The parties filed the motions in accordance with the Court's May 3, 2012, Scheduling
Order, by which the Court, after a conference with the parties, authorized discovery and the
filing of the pending motions on the following issue: whether Defendant is entitled to a setoff, in
the amount of the value of Defendant's capital account, against the amount claimed by Plaintiff. 1
1 Because the "issue" is central to the many similar actions involving the Receiver and members of the Group, the Court permitted the members of the Group to participate in the discovery related to the pending motions, and authorized the Group and the Defendant to file joint memoranda in connection with the motions. Factual Background
AGME is a Maine business corporation that distributed grocery-related products to
independent retailers throughout New England. In accordance with its Bylaws, AGME would
enter into Membership Agreements with various retailers. Upon execution of the Membership
Agreement, a retailer would become a customer and shareholder of AGME. After becoming a
member of AGME, a party could purchase product from AGME provided that the member
establish a Capital Account based on a "factor" established by AGME. Typically, the capital
account would be funded to the level of the "factor" through a 1% surcharge that was assessed
on AGME's sales to its members.
Defendant's factor, in the amount of $50,000, was fully funded at the time the dispute
that is the subject of this matter arose. In addition, consistent with the AGME Bylaws,
Defendant also had a balance in the Excess Capital account of $397. According to the AGME
Bylaws, the capital account and the sale of shares were "to ensure the equitable contribution of
needed working capital for the corporation's business operations, and to provide security for the
credit extended to stockholders in the sale of goods."

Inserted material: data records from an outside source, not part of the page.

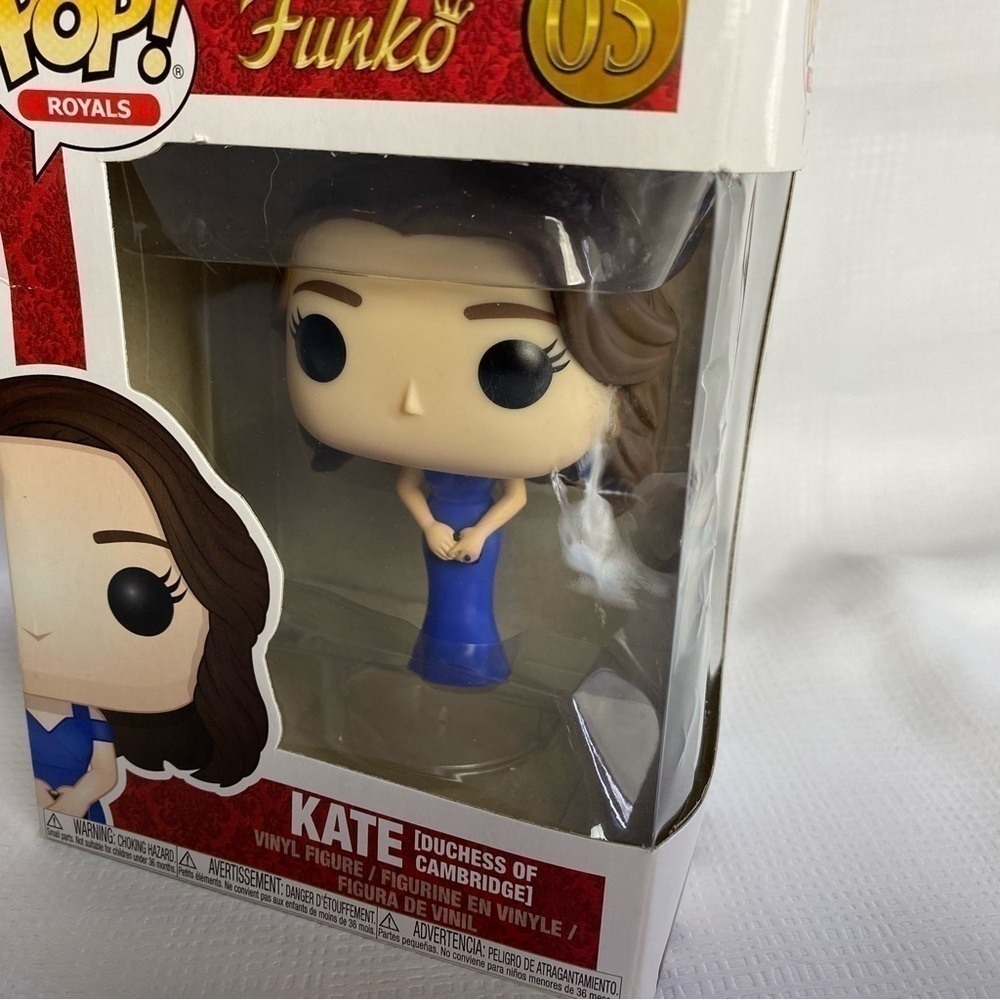 Funko Kate Middleton Duchess of Cambridge Funko Pop Royals Collectible Figure - Picture 3 of 12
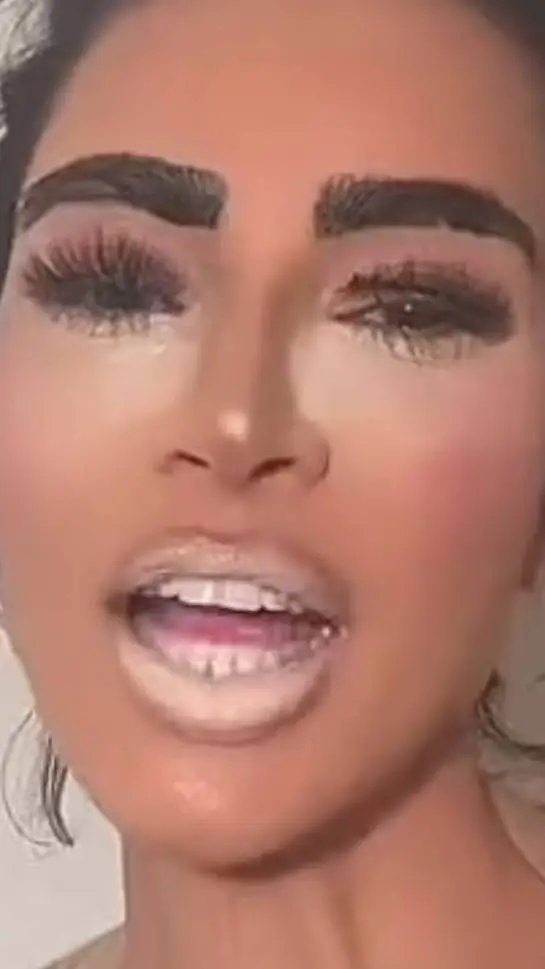 ai character: Isla The Chav x🖕🏻🙄 background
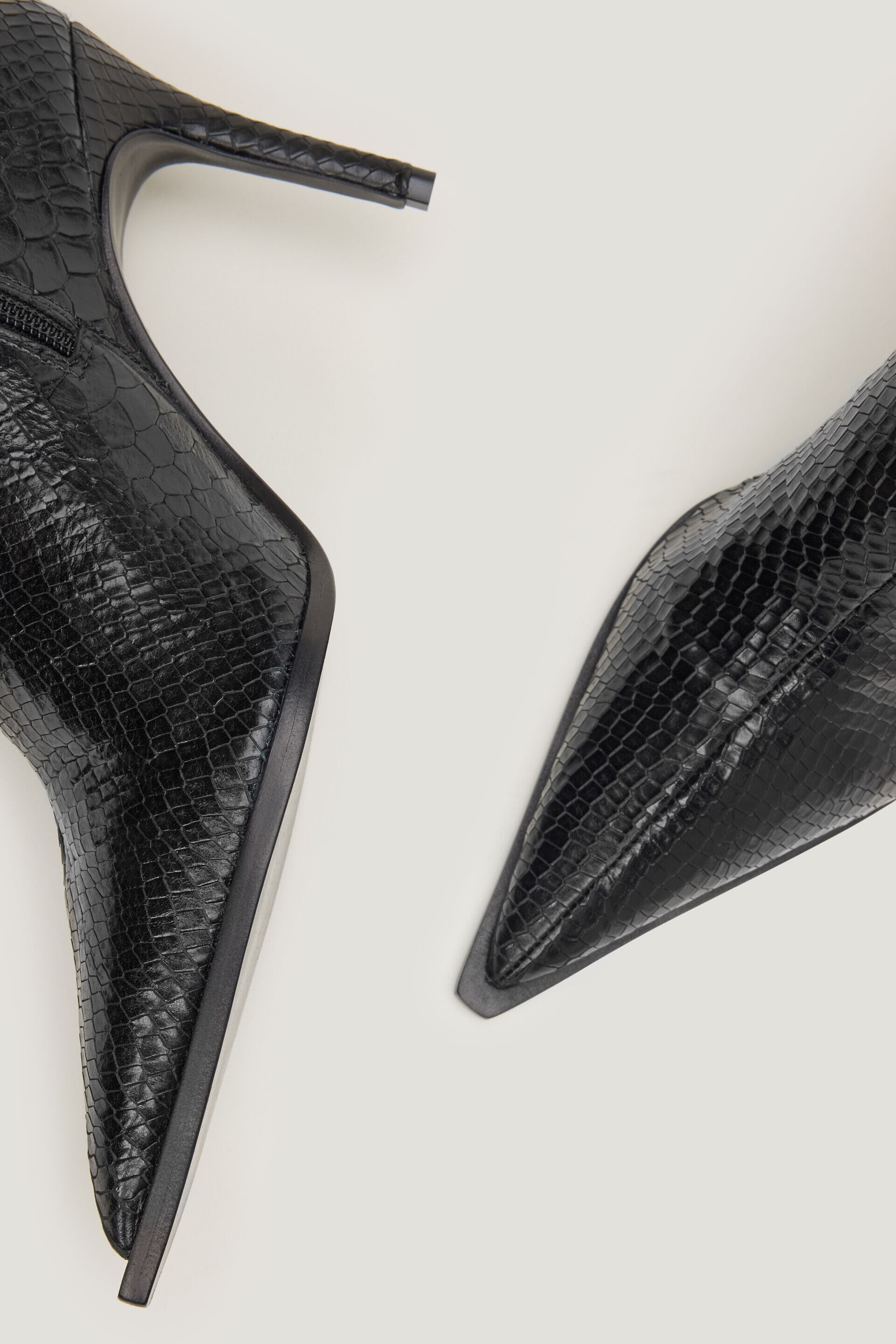 SCHUTZ | Mary Ankle Boots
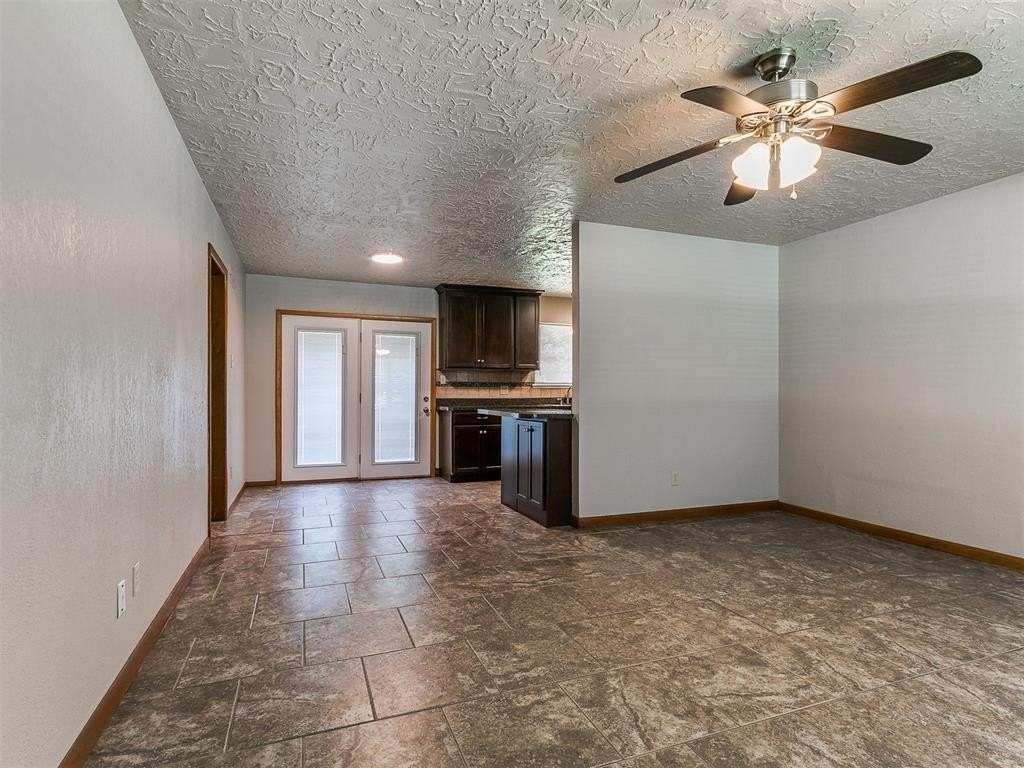 212 S Mercedes Dr - Photo 4 of 21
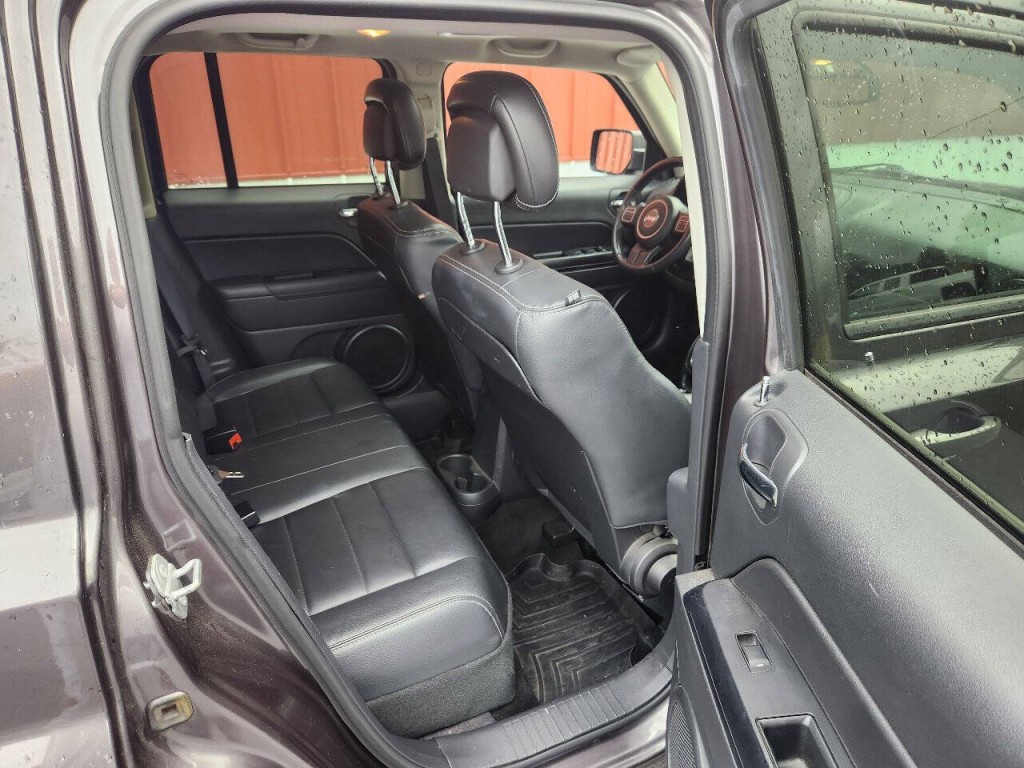 2016 Jeep Patriot Image 14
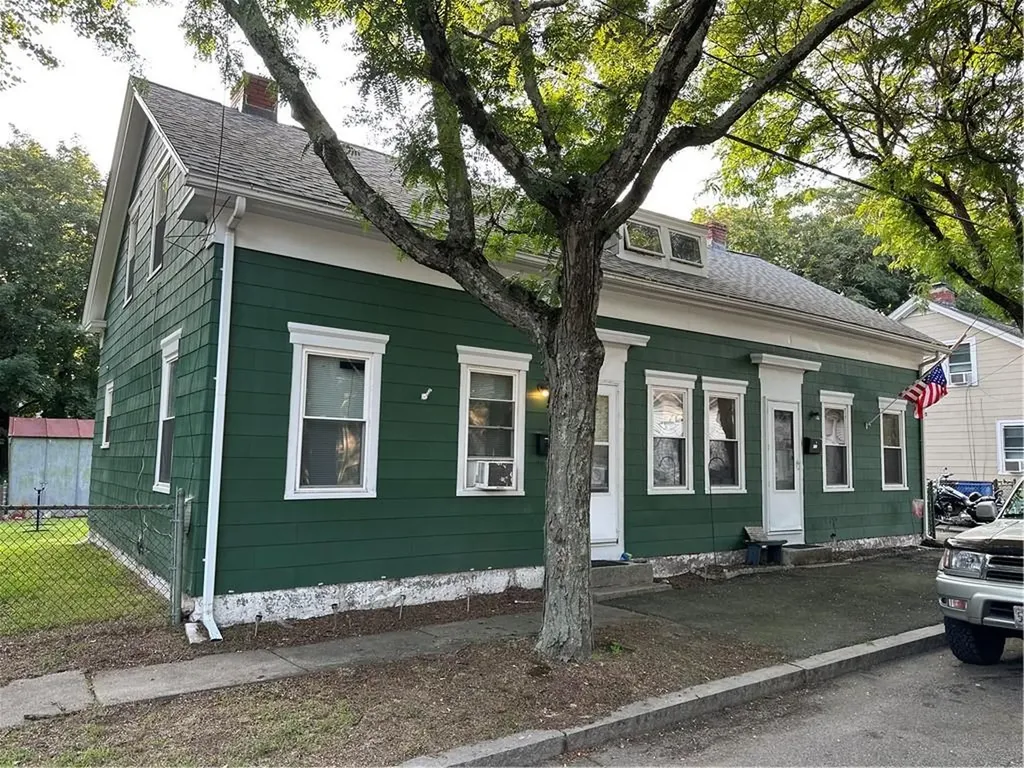 31 33 Cedar Street Cranston RI 02910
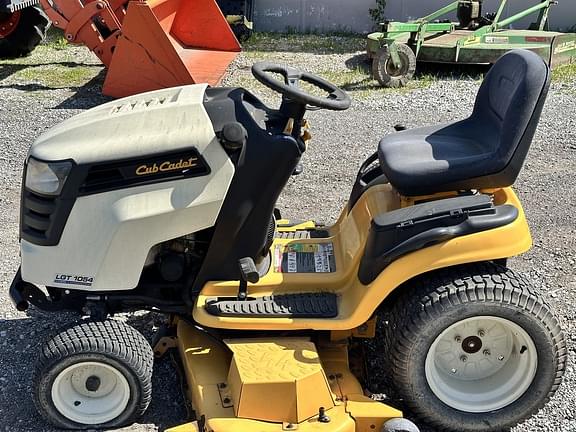 Image of Cub Cadet LGT1054 equipment image 2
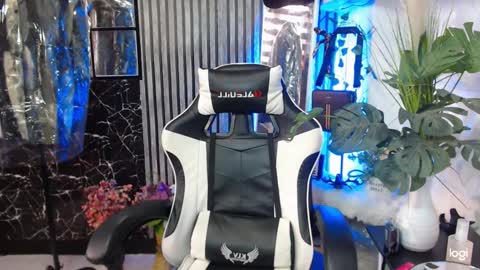 Snapshot of wildasianhorsecockts chatting on March 2025 07:35:02 AM Chachi online show from March 2025 07:35:02 AM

Concurrent with its execution of the Membership Agreement, Defendant purchased one
share of Class A Voting Common Stock, and two shares of Preferred Class B Stock. Defendant
paid for the Class A Stock upon the execution of the Membership Agreement, and paid for the
Class B Stock through the surcharge assessed on Defendant's purchases. Defendant pledged its
Stock and the book balance of its Capital Account to AGME to secure the credit extended to
AGME.
The AGME Bylaws, which were incorporated by reference into each Member
Agreement, provide that "each stockholder agrees ... that said capital deposits are subject to any
existing subordination agreements the Corporation may have with lending institutions." The
2 Bylaws also state that "[w]hen any stockholder sells his/her stock or otherwise ceases to be
eligible for membership in the Corporation, he/she shall be entitled to be paid the balance in
his/her capital deposit account plus accumulated interest, except that any indebtedness due the
Corporation from him/her shall be set off against said capital deposit account and all stock, and
the balance only, if any, paid him/her."
In September 2005, AGME established a $6,500,000 line of credit with the Bank of
Maine, f/k/a, Savings Bank of Maine (the Bank), and executed a promissory note in that amount.
As security for payment of the note, AGME signed an agreement by which AGME granted the
Bank a security interest in AGME's accounts receivable. In accordance with the parties'
agreement, AGME provided the Bank with monthly reports, which included pertinent
information on AGME's accounts receivable.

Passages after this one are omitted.